--- SUPPLIED RECORDS Enclosed Below ---

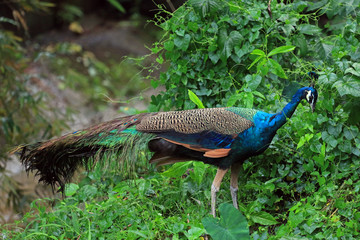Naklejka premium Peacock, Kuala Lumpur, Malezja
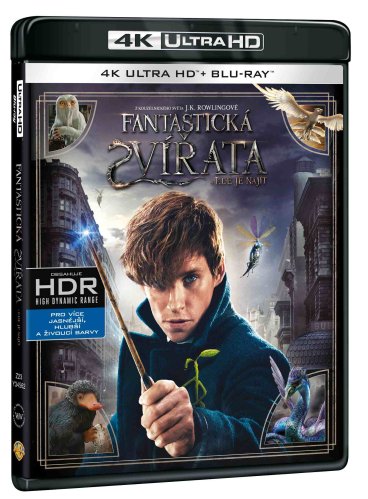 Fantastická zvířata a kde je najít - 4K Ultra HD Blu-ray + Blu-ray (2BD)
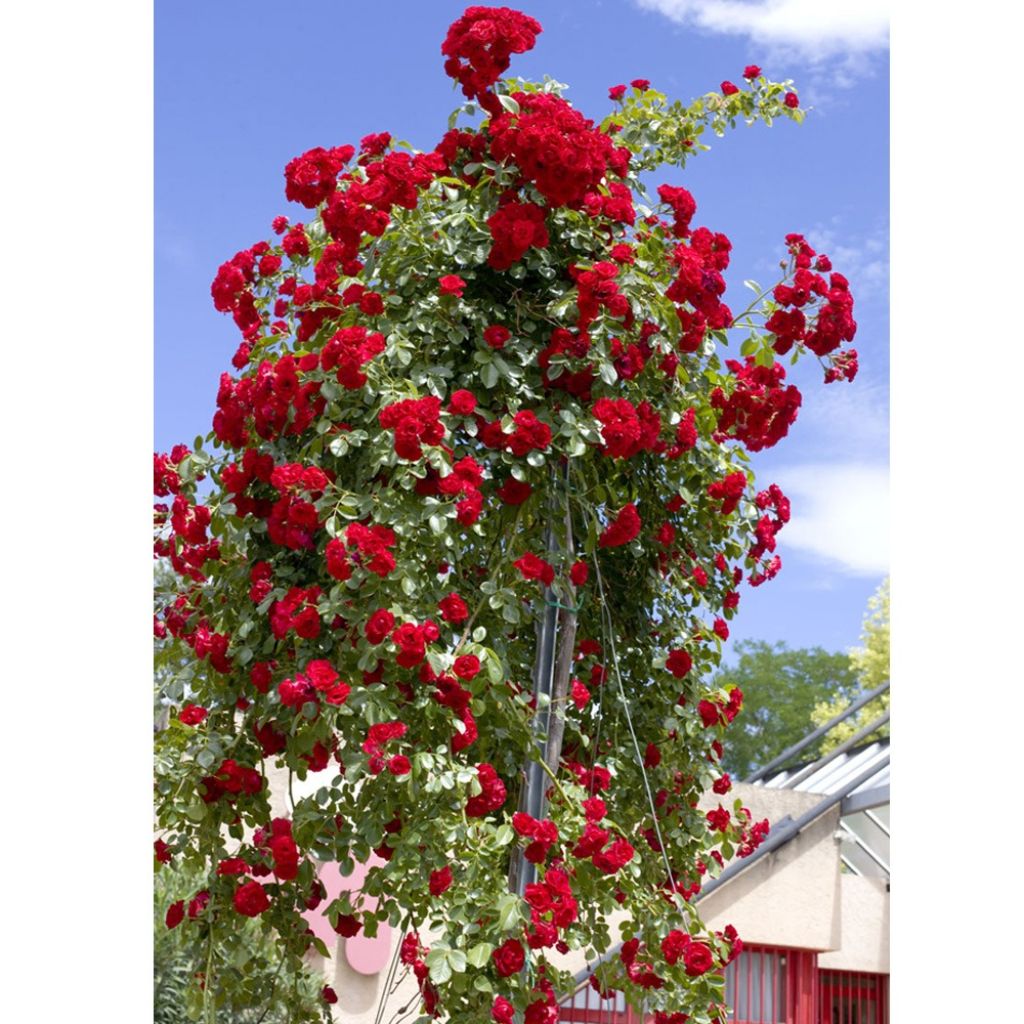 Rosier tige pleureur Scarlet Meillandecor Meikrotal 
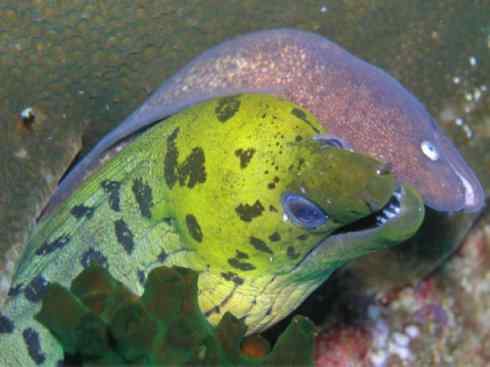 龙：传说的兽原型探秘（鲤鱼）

--- End of Enclosed SUPPLIED RECORDS ---
--- SUPPLIED RECORDS Enclosed Below ---

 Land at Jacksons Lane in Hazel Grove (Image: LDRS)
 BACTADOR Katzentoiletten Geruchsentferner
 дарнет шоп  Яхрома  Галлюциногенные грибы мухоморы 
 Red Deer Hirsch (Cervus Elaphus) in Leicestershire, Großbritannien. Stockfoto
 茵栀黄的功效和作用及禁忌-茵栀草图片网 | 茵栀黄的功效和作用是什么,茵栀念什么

--- End of Enclosed SUPPLIED RECORDS ---
--- SUPPLIED RECORDS Enclosed Below ---

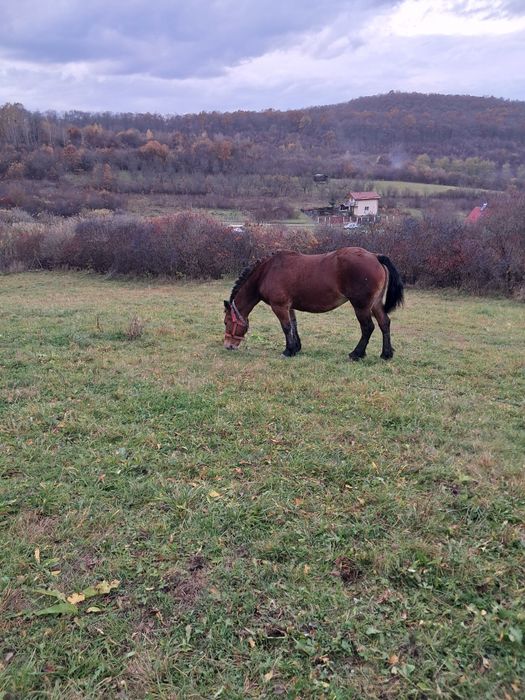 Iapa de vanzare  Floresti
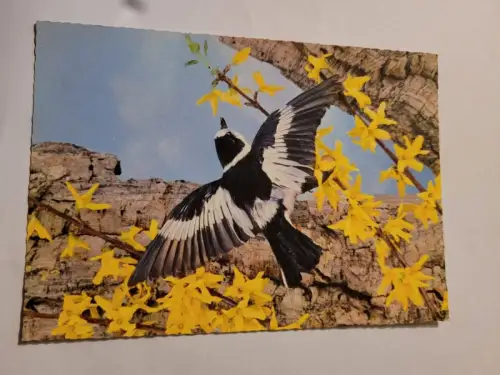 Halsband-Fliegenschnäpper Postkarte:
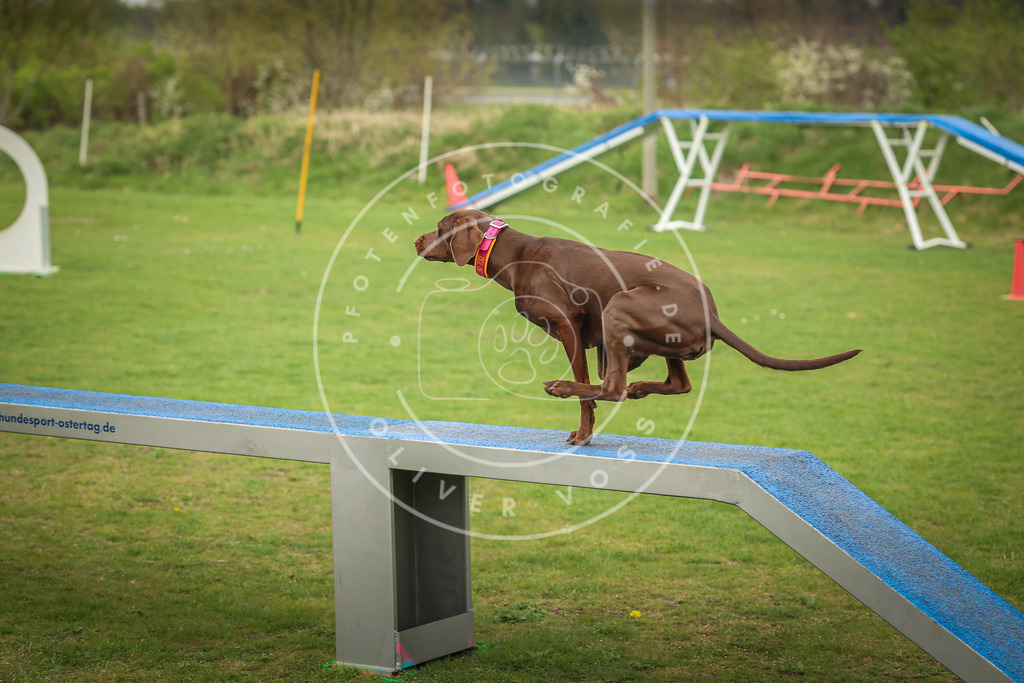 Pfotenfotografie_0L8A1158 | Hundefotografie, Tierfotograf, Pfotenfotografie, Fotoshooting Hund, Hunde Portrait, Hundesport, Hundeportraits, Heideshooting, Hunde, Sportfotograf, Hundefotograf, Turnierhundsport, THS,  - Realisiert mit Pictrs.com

--- End of Enclosed SUPPLIED RECORDS ---

From the records above, copy exactly the lines starting at the one with "Naklejka premium Peacock, Kuala" and ending at the one with "龙：传说的兽原型探秘（鲤鱼）", and no others. Pictures stay out.

= SOLUTION FOR THIS TASK =
Naklejka premium Peacock, Kuala Lumpur, Malezja
 Fantastická zvířata a kde je najít - 4K Ultra HD Blu-ray + Blu-ray (2BD)
 Rosier tige pleureur Scarlet Meillandecor Meikrotal 
 龙：传说的兽原型探秘（鲤鱼）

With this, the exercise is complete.